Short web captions

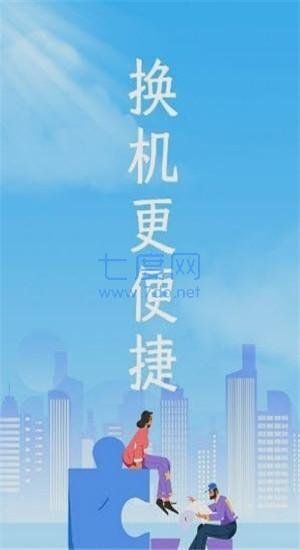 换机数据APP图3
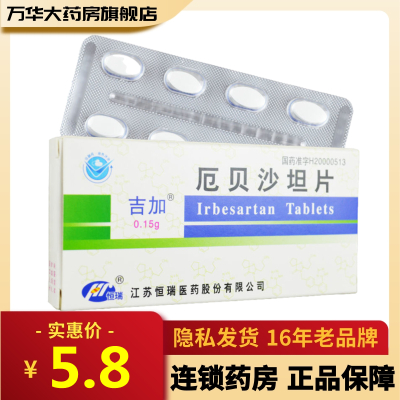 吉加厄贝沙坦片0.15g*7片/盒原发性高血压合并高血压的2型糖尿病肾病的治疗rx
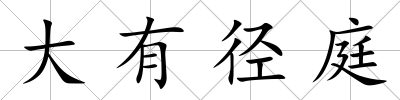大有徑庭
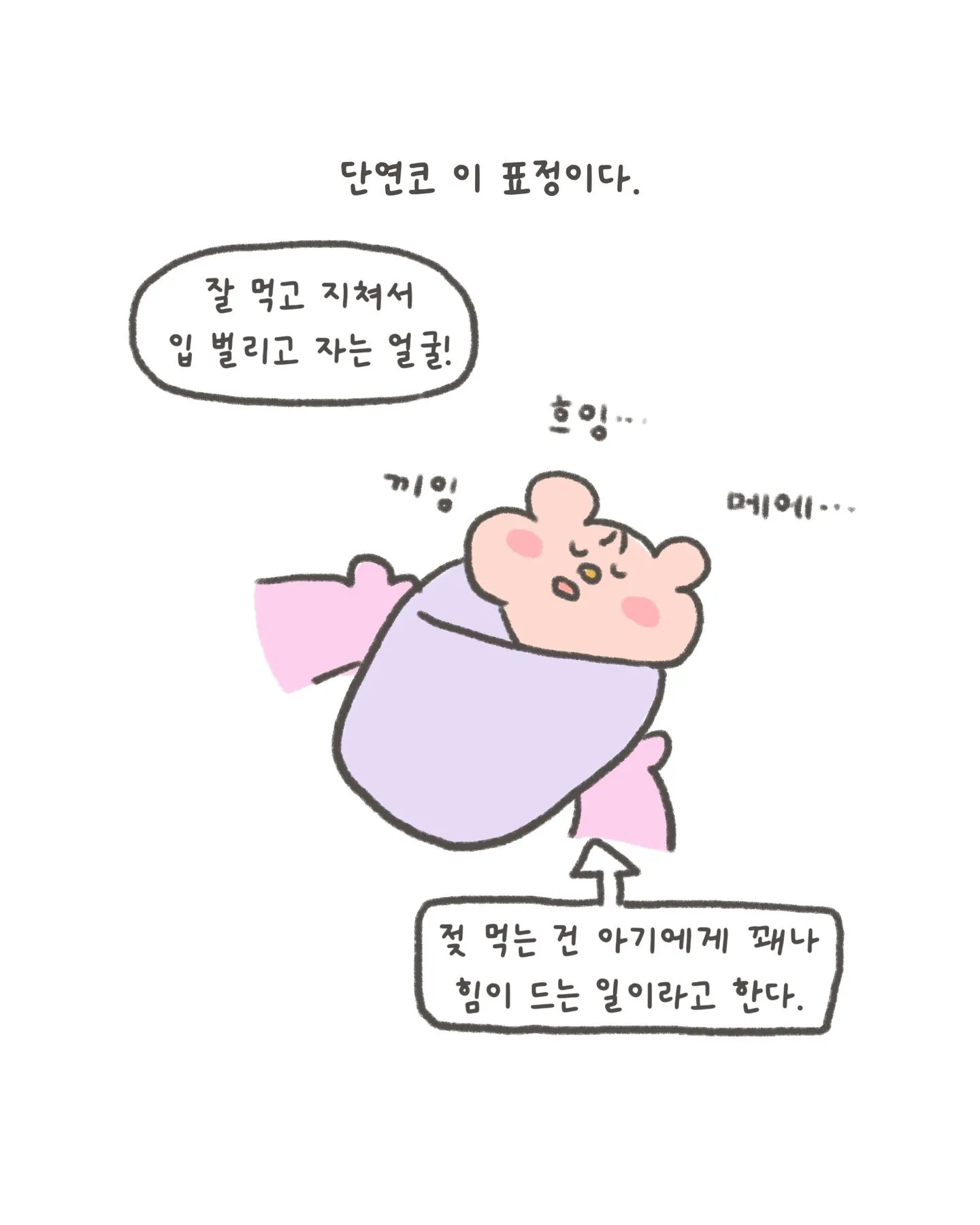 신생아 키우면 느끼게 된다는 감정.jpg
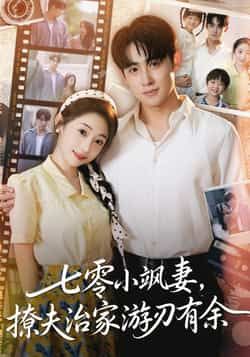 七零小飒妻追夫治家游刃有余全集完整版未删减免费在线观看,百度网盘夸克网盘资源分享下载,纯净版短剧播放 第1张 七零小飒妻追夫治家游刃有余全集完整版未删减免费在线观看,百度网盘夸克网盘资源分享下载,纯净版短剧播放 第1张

PROMPT:
Give the data again exactly, image-free.

OUTPUT OF THE TASK:
 换机数据APP图3
 吉加厄贝沙坦片0.15g*7片/盒原发性高血压合并高血压的2型糖尿病肾病的治疗rx
大有徑庭
 신생아 키우면 느끼게 된다는 감정.jpg
 七零小飒妻追夫治家游刃有余全集完整版未删减免费在线观看,百度网盘夸克网盘资源分享下载,纯净版短剧播放 第1张 七零小飒妻追夫治家游刃有余全集完整版未删减免费在线观看,百度网盘夸克网盘资源分享下载,纯净版短剧播放 第1张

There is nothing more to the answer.